By 14, you were in Crime Mob with the hit single “Knuck If You Buck.”
I didn’t expect for it to take off like that. We went from burning CDs for our friends to colleges and radio stations. Radio stations found us. It was weird. In school, people were telling me they heard my song on the radio. Teachers pulled me out of class, asking for my autograph.
Is that when you knew rap was going to be your career?
Honestly, it just took off. I had just made the drill team and I had to make a decision: to do the Crime Mob video [or to cheer]. That was the first big decision for me. If you want to be successful you have to make a lot of sacrifices. From there, we had to do homeschooling. We were on tour for four years just off of one song.
You’re preparing for your solo debut album now. Does this go-around feel new or do you feel like a veteran?
Yeah. It’s weird. It’s a combination of both.
Given your history in the game, you’re one of the most recognizable names on the cast. Did you feel any pressure because of that?
I think the pressure is that I’m a very private person. There’s so much mystique about me. Sometimes you see me. Sometimes you don’t. Now, I’m more of a socialite. After that past situation happened with my ex-- him and his family getting on TV--now I feel like it’s something I gotta prove.

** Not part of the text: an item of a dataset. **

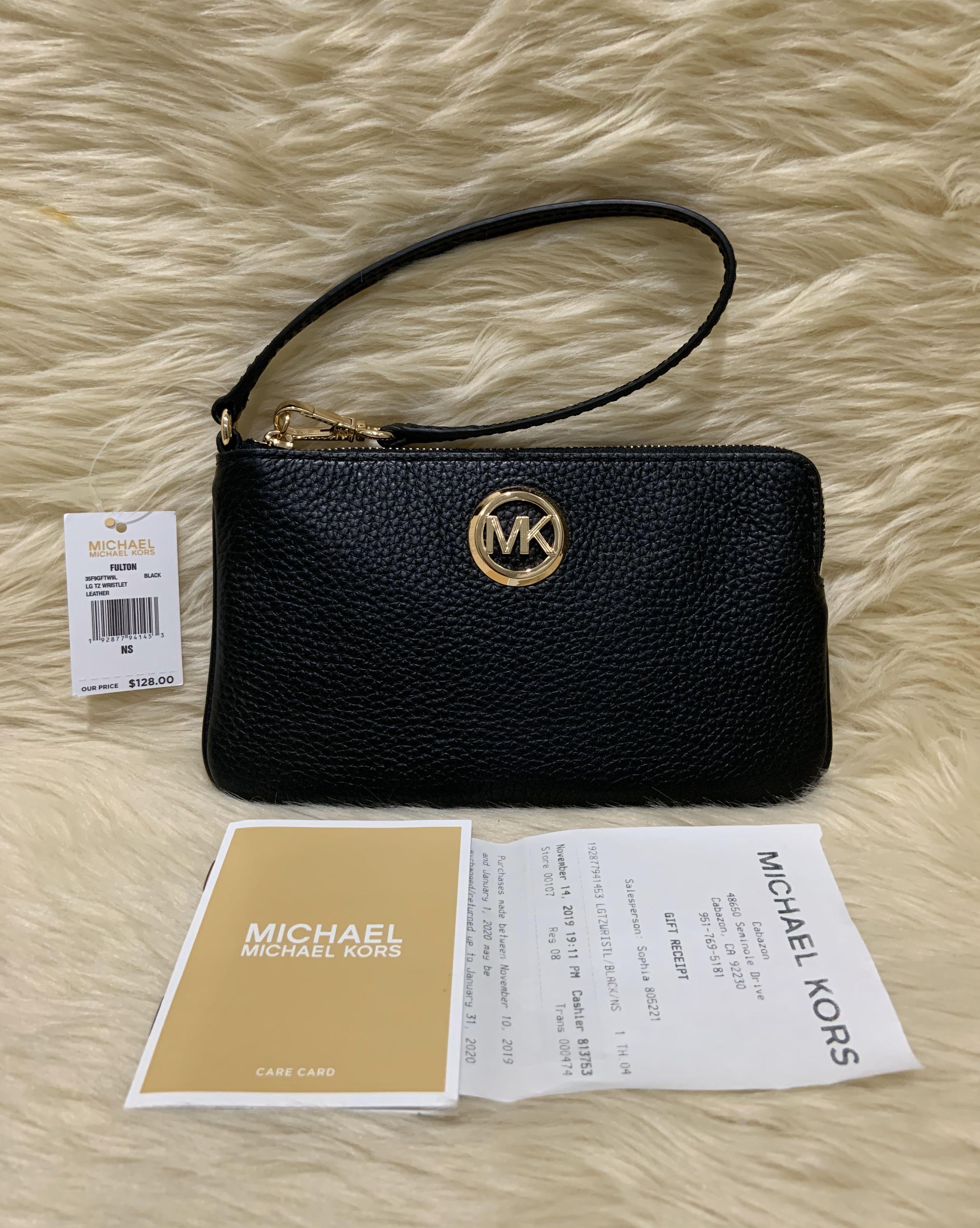 ?% Authentic Michael Kors Wristlet, Women's Fashion, Bags & Wallets,  Wallets & Card holders on Carousell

This season, what do you want viewers to see about Diamond?
I want to show people who I really am now. I just want people to learn from my story, too. Some of the mistakes I made. It’s about experience and being able to share that with someone else.
Was there anything you wanted to keep off the show?
Yes. A lot of things, but it is what it is. I didn’t want to show me being mad on camera or me being upset. I’m either extremely calm or I’m not. I guess when you disrespect me. I don’t care what people think because people can think what they want. I’m rah-rah but when I let my guard down, I’m a genuinely nice person.
Because of your high-profile relationships with Scrappy and Soulja Boy, a lot of people have opinions on your personal life. Does that bother you?
Not really. The people that I’ve come across have instantly seen that I’m not like that. In a weird way, even though I’ve been painted in such a bad light, more guys have gravitated towards it. It’s creepy. Why would you even want to take it to that? Guys, do you really want a good girl or do you want a girl to mistreat you? Bad publicity is good publicity.
I heard that you were initially going to do Love & Hip Hop: Atlanta with your ex Scrappy but decided to pull out. Why?
There’s a lot of reasons. The producer, the direction she was trying to go, I wasn’t into what she was. There’s more to me than just my relationship. You wanted to me relive something that was old, from my past. I wasn’t gonna come across as I’m still stuck on my past. I’m not gonna give light to something that was dead. I’m not gonna let you alter me in a light [and] everything that I’ve worked for, can be gone. Just like that.
How did you feel about being on Sisterhood of Hip Hop?
It made me feel good that our labels had to sign off on it. They [the producers] wanted the show to go hand-in-hand with our careers. Yeah, you’ll have your drama and you’ll have your personal life but it’s a combination. With those other people, they wanted to target one area of my life. There’s so much more. I felt I was blessed with this opportunity, so why not take advantage?